The cut-open oocyte Vaseline gap (COVG) voltage clamp technique allows for analysis of electrophysiological and kinetic properties of heterologous ion channels in oocytes. Recordings from the cut-open setup are particularly useful for resolving low magnitude gating currents, rapid ionic current activation, and deactivation. The main benefits over the two-electrode voltage clamp (TEVC) technique include increased clamp speed, improved signal-to-noise ratio, and the ability to modulate the intracellular and extracellular milieu. Here, we employ the human cardiac sodium channel (hNaV1.5), expressed in Xenopus oocytes, to demonstrate the cut-open setup and protocol as well as modifications that are required to add voltage clamp fluorometry capability. The properties of fast activating ion channels, such as hNaV1.5, cannot be fully resolved near room temperature using TEVC, in which the entirety of the oocyte membrane is clamped, making voltage control difficult. However, in the cut-open technique, isolation of only a small portion of the cell membrane allows for the rapid clamping required to accurately record fast kinetics while preventing channel run-down associated with patch clamp techniques.
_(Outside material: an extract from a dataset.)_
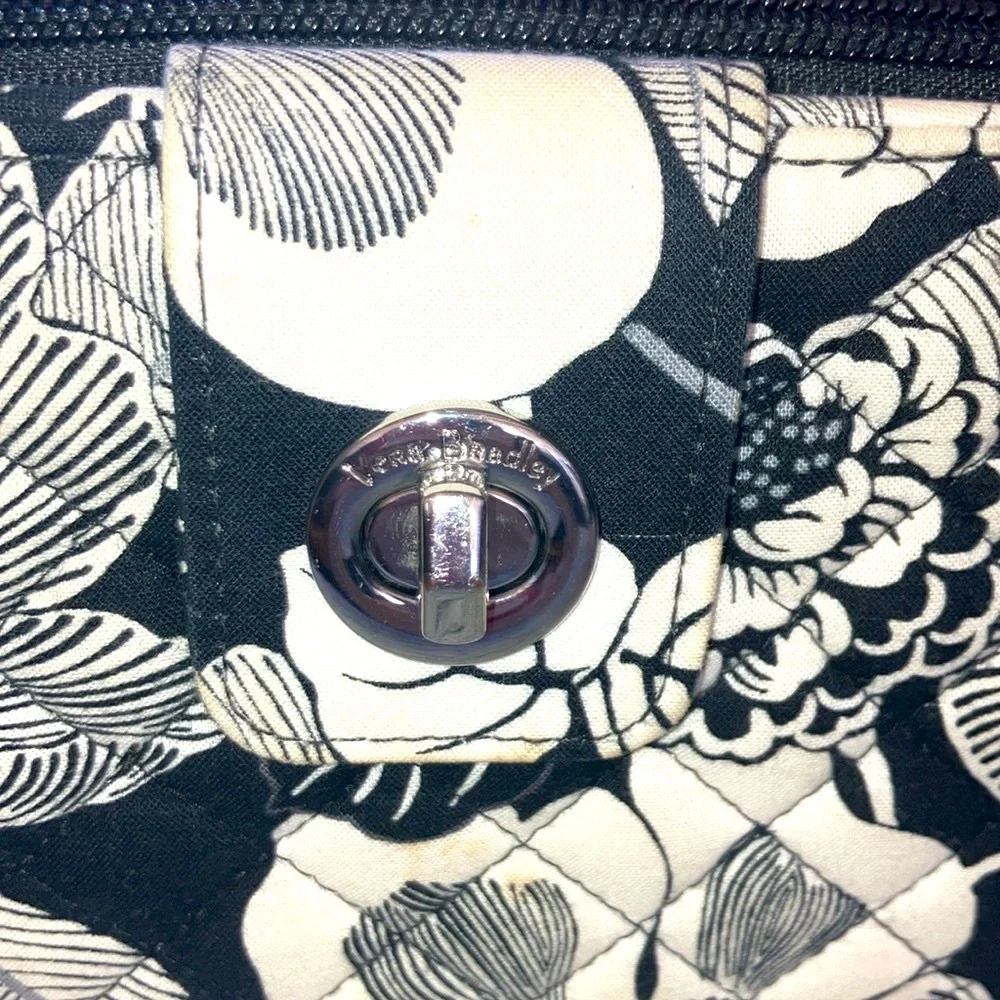 Vera Bradley Black and White Floral Wallet - Picture 11 of 12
In conjunction with the COVG technique, ion channel kinetics and electrophysiological properties can be further assayed by using voltage clamp fluorometry, where protein motion is tracked via cysteine conjugation of extracellularly applied fluorophores, insertion of genetically encoded fluorescent proteins, or the incorporation of unnatural amino acids into the region of interest(1). This additional data yields kinetic information about voltage-dependent conformational rearrangements of the protein via changes in the microenvironment surrounding the fluorescent molecule.